In the class held on May 19, Masato Wakisaka, who heads the NPO and also manages a company that offers farming experience to young people, gave a lecture on the five stages at which vegetables and fruits are distributed to consumers in Japan.

Wakisaka said while wholesalers help farmers to sell their products to consumers across the country at each of the five stages, they also take their cut at the expense of farmers’ profits.

For example, when one Japanese radish is sold for ¥100, the farmer who produced it receives ¥45. But the production cost is ¥35, so the profit is only ¥10.

Listening to Wakisaka’s lecture, advertising company designer Ozawa said that an alternative distribution system should be developed in order to increase the return that growers receive.

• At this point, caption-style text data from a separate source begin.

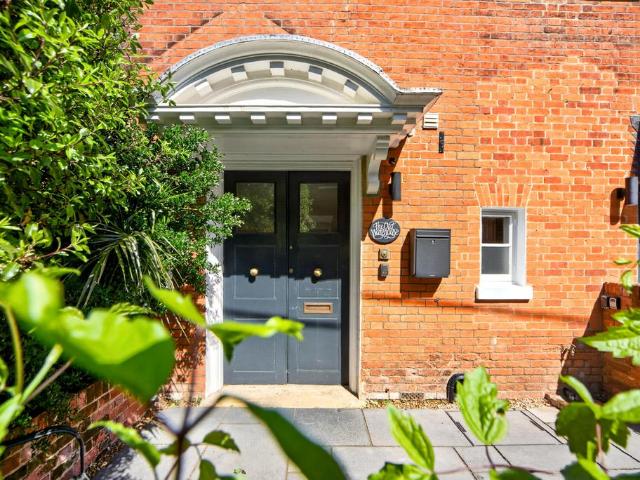 House for sale in Whisstocks Place, Eastbridge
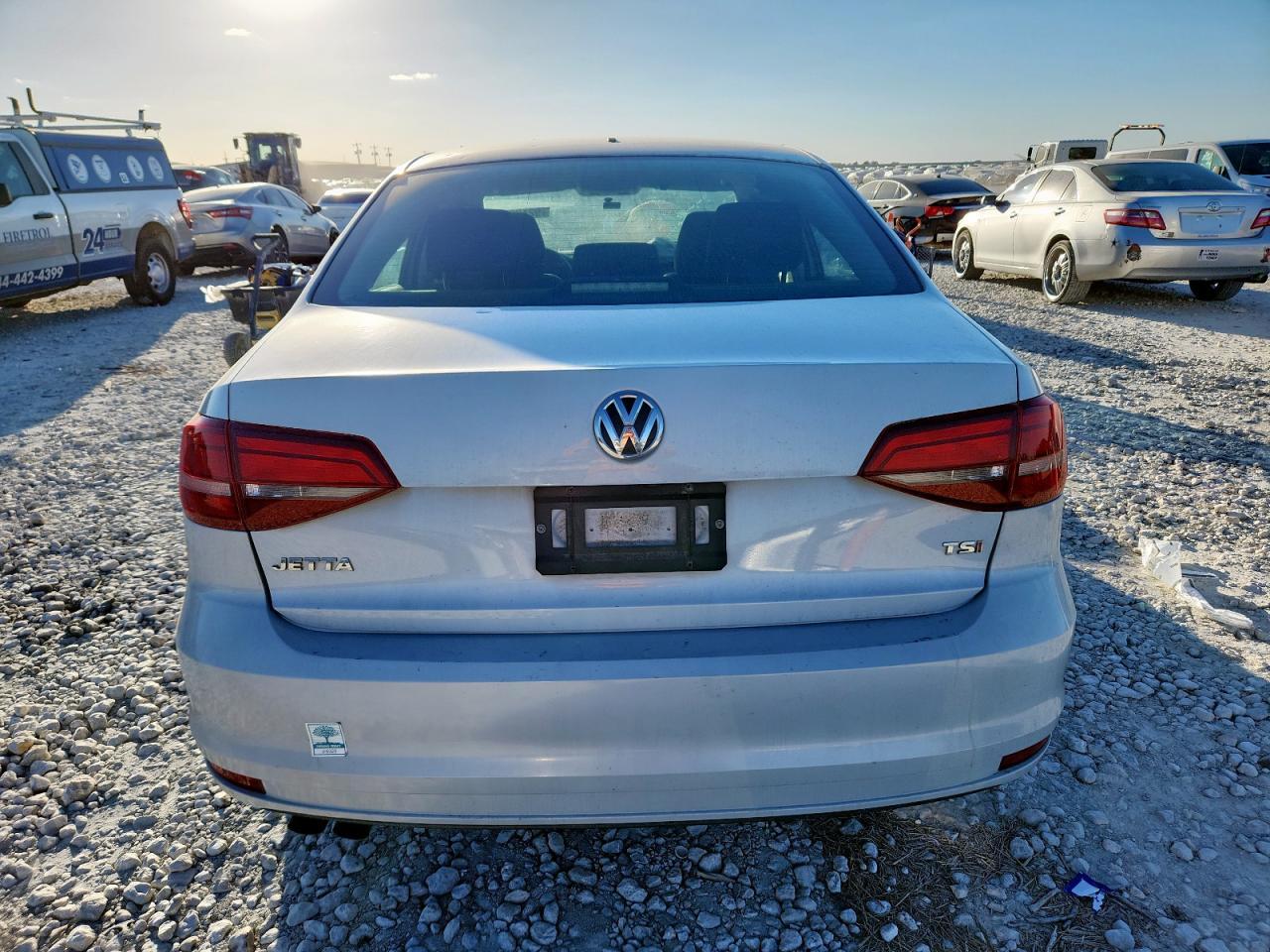 2017 Volkswagen Jetta - zdjęcie 6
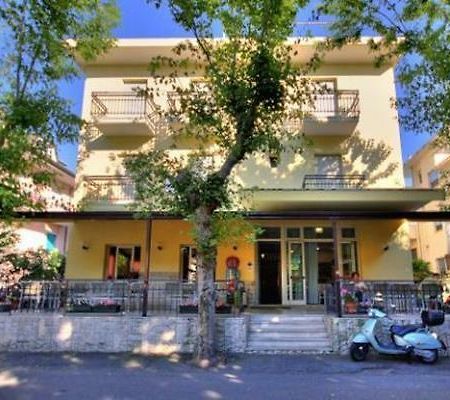 Hotel Cannes Rimini Ngoại thất bức ảnh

Also, while acknowledging that imported vegetables are often cheaper than home-grown ones, Ozawa said she thinks that consuming locally produced food is best if you are trying to reduce threats to the environment. Distributing food from far distant areas needs vehicles that consume fuel, which leads to global warming, she said.

“As a consumer, I hope I can help the revitalization of agriculture in Japan by buying domestic products,” she said.

Ozawa’s attitude is what the course organizers expect from their students. Certainly, according to the NPO’s Miyaji, if the students eat less at restaurant chains — which often use imported ingredients — they can contribute to the development of agriculture in Japan.

“I am glad that the course can be the starting point for students to do something about supporting agriculture through their jobs or private life,” Miyaji said. “When they eat food, I hope they think of the farmers who produced it. I also expect they will buy food from farmers they know at least once a month, and enjoy cooking and eating it with their family,” he said.

Farming in Japan has long been stigmatized as a “3K” job — meaning that is kitsui (hard), kitanai (dirty) and kiken (dangerous). But Miyaji said he aims to turn it into a new “3K” job — one that is kakkoii (cool), kando ga aru (moving, impressive) and kasegeru (profitable).

Surely, if the agriculture course at Marunouchi Morning University helps to plant that new “3K” idea in the minds of city-dwellers, then it’s an initiative that can’t fail to reap a rich harvest both for individuals and the wider urban and rural society.